# SM-It has been a wonderful "Maltesey" year!



## aprilb (Jul 9, 2010)

I can't believe it has been a year already since I introduced my sweet Rose & Lily and joined SM. What a year it has been! This forum is so much more than I expected. In my first year, I have learned so much about caring for, training, and spoiling my Maltese and I believe they are happier and healthier as a result. My bond with them has deepened. I have "met" some very interesting people, got up to speed on food, shampoos, and caring for teeth. But it didn't stop there. I learned about rescue and was privileged to participate in helping these poor, unfortunate fluffs.
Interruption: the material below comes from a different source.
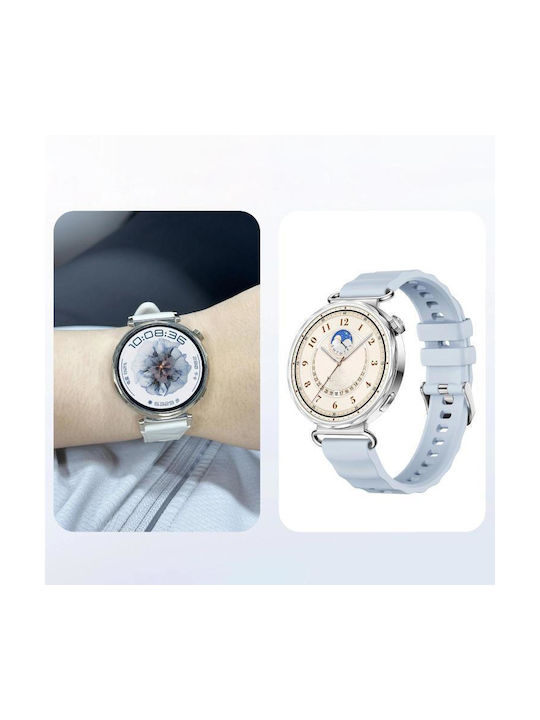Monochrome Silicone Strap Huawei Watch GT 6 41mm GT 5 41mm GT 4 41mm Silver Buckle Blue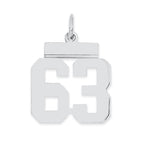 Sterling Silver/Rhodium-plated Polished Number 63 Charm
SM is heavily involved in rescue both collectively and personally. I went on my first "meetup" and will soon be going on my first "mega" meetup. I have gotten gifts, cards, and cool stuff for Rose & Lily. I have seen beautiful pics not only of fluffs, but of beautiful places, sunsets, and people. I have laughed and I have cried. I made some wonderful friends and I have grown.:wub: SM, you have been a blessing in my life and the lives of so many fluffs and people. I love you, SM!!:sLo_grouphug3:


----------



## The A Team (Dec 1, 2005)

Wow...*sniff* ....that was beautiful......April, you've become an important part of our little community in such a short time. I'm proud to be a part of our family. :thumbsup: And to think we wouldn't even know each other if it weren't for these little white fluffy dogs.


----------



## Snowbody (Jan 3, 2009)

April -- HAPPY ANNIVERSARY.:chili::chili: What a beautiful post about SM and what it means to you. I share the same sentiments. I couldn't imagine not having Tyler or my SM family in my life. You have been a wonderful contributor in so many areas and we just love little Lily and Rose. :wub::wub:


----------



## Alexa (Aug 6, 2009)

Time passes fast when you have fun!

Happy 1st anniversary! 

:dothewave::dothewave::dothewave:

You, Rose and Lily are well loved here!!!

Alexandra :wub:


----------



## aprilb (Jul 9, 2010)

The A Team said:


> Wow...*sniff* ....that was beautiful......April, you've become an important part of our little community in such a short time. I'm proud to be a part of our family. :thumbsup: And to think we wouldn't even know each other if it weren't for these little white fluffy dogs.


Awe-:hugging::wub:


----------



## aprilb (Jul 9, 2010)

Alexa said:


> Time passes fast when you have fun!
> 
> Happy 1st anniversary!
> 
> ...


Awe-thank you so much!!!:wub::wub::wub:


----------



## aprilb (Jul 9, 2010)

Snowbody said:


> April -- HAPPY ANNIVERSARY.:chili::chili: What a beautiful post about SM and what it means to you. I share the same sentiments. I couldn't imagine not having Tyler or my SM family in my life. You have been a wonderful contributor in so many areas and we just love little Lily and Rose. :wub::wub:


Thank you, Sue! :heart::heart::heart:


----------



## Cosy (Feb 9, 2006)

That was sweet, April! Glad you joined SM. You've been a great contributor and have adorable baby maltesies. LOL! Love that maltesey word now!


----------



## educ8m (May 19, 2010)

Wow, April. I'm so impressed that you just jumped right in once you joined SM. I didn't realize you had been here for just one year, but you have almost 2,000 posts!!!!! I think your sentiments about our amazing SM family are shared by most of us. You have a wonderful way of putting it into words. Happy Anniversary! :chili:


----------



## muchan (Feb 23, 2011)

Happy 1st anniversary 
I agreed with you bout SM. Me too so happy that I joined the forum and I'd learn a lot about trainings, behaviors, etc from SM and glad to know friends who share same love towards this breed. It could be great if I too have a chance to join any gathering with you all since I'm staying far away from you all


----------



## aprilb (Jul 9, 2010)

Cosy said:


> That was sweet, April! Glad you joined SM. You've been a great contributor and have adorable baby maltesies. LOL! Love that maltesey word now!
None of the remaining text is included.